IMO, I've provided a very simple callback interface for filter writers. I'd
be interested in hearing what makes it hard to understand.

Also: it is a bit unfair to both of us to claim "hard to understand" when
neither of us have concentrated on inserting comments in the headers or
code, or writing API documentation. I know that I can explain my "simple_cb"
in a short paragraph. The bucket_cb is more complex, but quite doable.

But really... are they hard to understand? And if they were doc'd?

> However, that doesn't mean I think the core implementation isn't
> important.  For example, I don't think it is safe to implement filters
> in Apache without either a smart allocation system or a strict limiting
> mechanism that prevents filters from buffering more than 8KB of
> memory at a time (for the entire non-flushed stream).  It isn't possible
> to create a robust server implementation using filters that allocate
> memory from a pool (or the heap, or a stack, or whatever) without somehow
> reclaiming and reusing the memory that gets written out to the network.
> There is a certain level of "optimization" that must be present before
> any filtering mechanism can be in Apache, and that means meeting the
> requirement that the server not keel over and die the first time
> a user requests a large filtered file.  XML tree manipulation is an
> example where that can happen.  I don't think either patch has
> addressed that problem yet, and I can't really evaluate them until
> they do.

I have a single allocation in the output/filter processing in my patch. It
is located in ap_lprintf(). Is that the allocation you are referring to?
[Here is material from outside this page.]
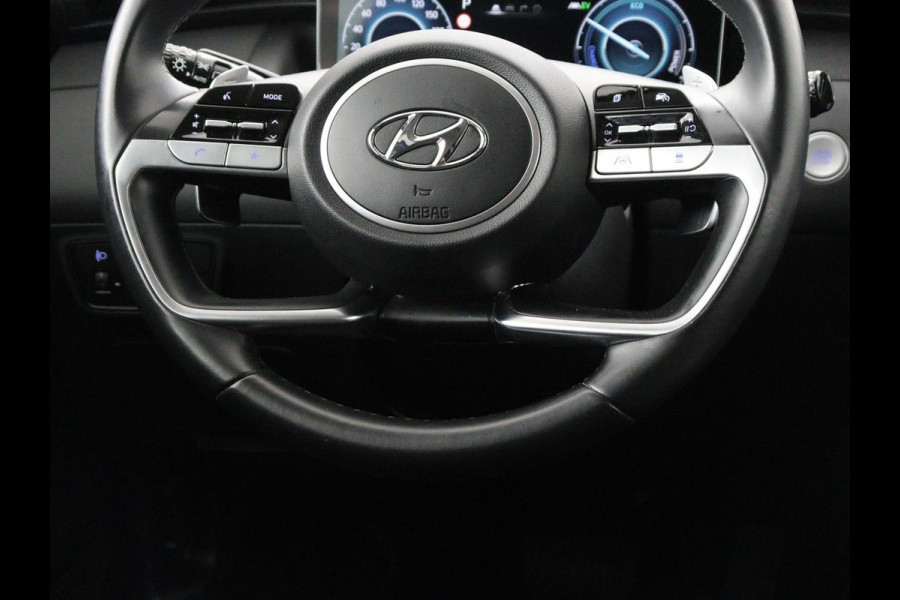 Hyundai Tucson 1.6 T-GDI HEV Comfort | Trekhaak | Stoelverwarming | Adaptive cruise | Carplay | Camera | Navigatie | Keyless | Full LED | 17'' | Parkeerhulp | Climate control | Digital Cockpit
If that is a problem, then it would be very easy to wrap that up in a pool
create/destroy pair. That would return the memory to the request pool for
reuse when the function returns. I avoided doing that because I perceived
there would be a performance issue. Hmm. It actually looks reasonably fast.
I'll update the code.

> I also don't believe it is simpler to implement these "easy" forms of
> filters than it is to implement the full-blown bucket brigades. 

Easier to implement the infrastructure, or a filter?
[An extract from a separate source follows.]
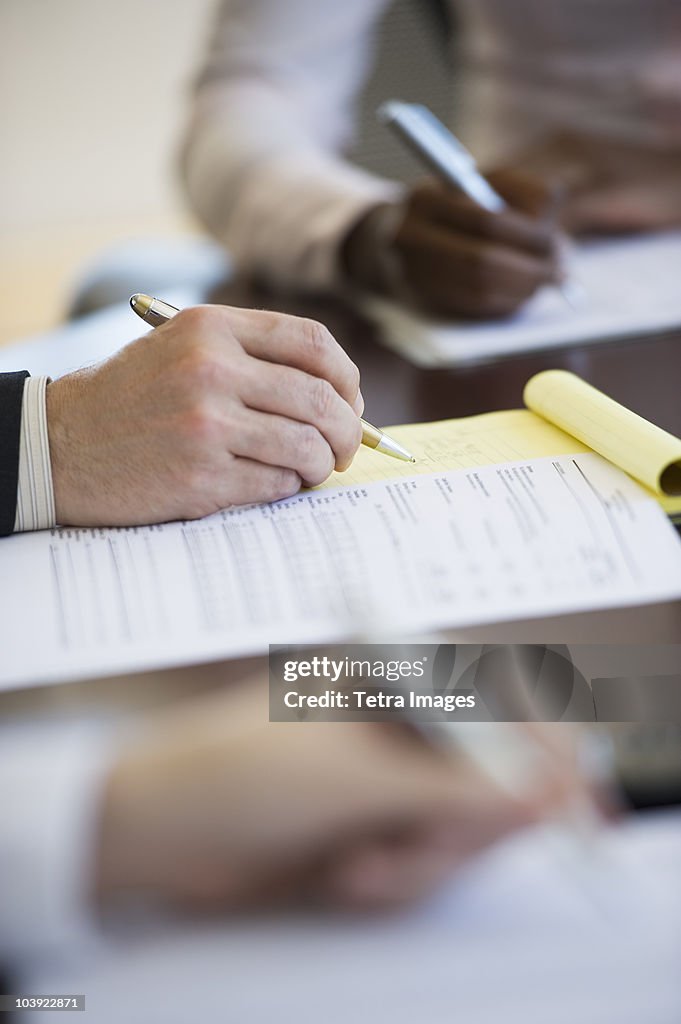 Business People Writing Notes During Business Meeting High-Res Stock ...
I've got the infrastructure already for both simple and bucket-based. For
the filter writer, the simple form is definitely easier since the core takes
care of converting the buckets into a pointer for you.

> The
> basic brigade interface is very simple -- a pointer to the stream head 
> (the top filter on an output filter stack) and a pointer to the
> bucket brigade (a linked list of typed memory buckets).  You can add
> helper functions on top of that which take string/int/printf arguments
> and translate those to a brigade pointer.  Memory allocation can be
> specific to each bucket, so the application can decide for itself whether
> it wants to allocate from the heap and donate the memory to the stream
> or tell the stream to make a copy if it can't process it all in one go.

We both have something quite similar. Ryan's ioblock and my bucket
correspond to what you're talking about. Neither have the memory allocation
stuff you're talking about, though.

I'm not sure how our current patches fail to allow for this kind of memory
handling.

Note that r->filters (in my patch) is the stream head you're talking about.
Ryan's is something like &((LINK_filter*)r->_hook.link_filter->elts)[0]

> I don't understand how either scheme is going to work in terms of
> placing filters on the output.  I expected to see multiple points
> where filters may be added both on top of and within the filter stack.

First round patch to introduce the basic mechanism. You're asking for too
much. If we were to include all that stuff in the initial patch, then it
would become unreviewable.

I actually get a bit tweaked at this. I omitted the bucket_cb stuff from my
first patch so that people could see the basic structure and concepts. But
no... that wasn't good enough. So now it has the bucket stuff, and the patch
is longer and less reviewable.

[ even now, Ryan is saying that I must also include the delayed http header
  stuff in my patch. The position is rather silly, however, since it is a
  straightforward change and does not change the fundamental design of
  either patch set. But no... it has to be in, otherwise it is an "issue" ]

And now? Add "multiple points" around at key spots in Apache to deal with
other places where filter insertion might be nice? Too much for a first
pass. While I'm not a big fan of Ryan's code comments which say "I'll fix
this soon after checkin", I laud him on the effort to show an *outline* of
how things will work, to be followed up later with additional specifics.
*That* is how we should be doing things. Demonstrate the plan, get buyin on
the design/architecture, and then let people deal with the details. Forcing
the details up front serves to delay and to decrease reviewability.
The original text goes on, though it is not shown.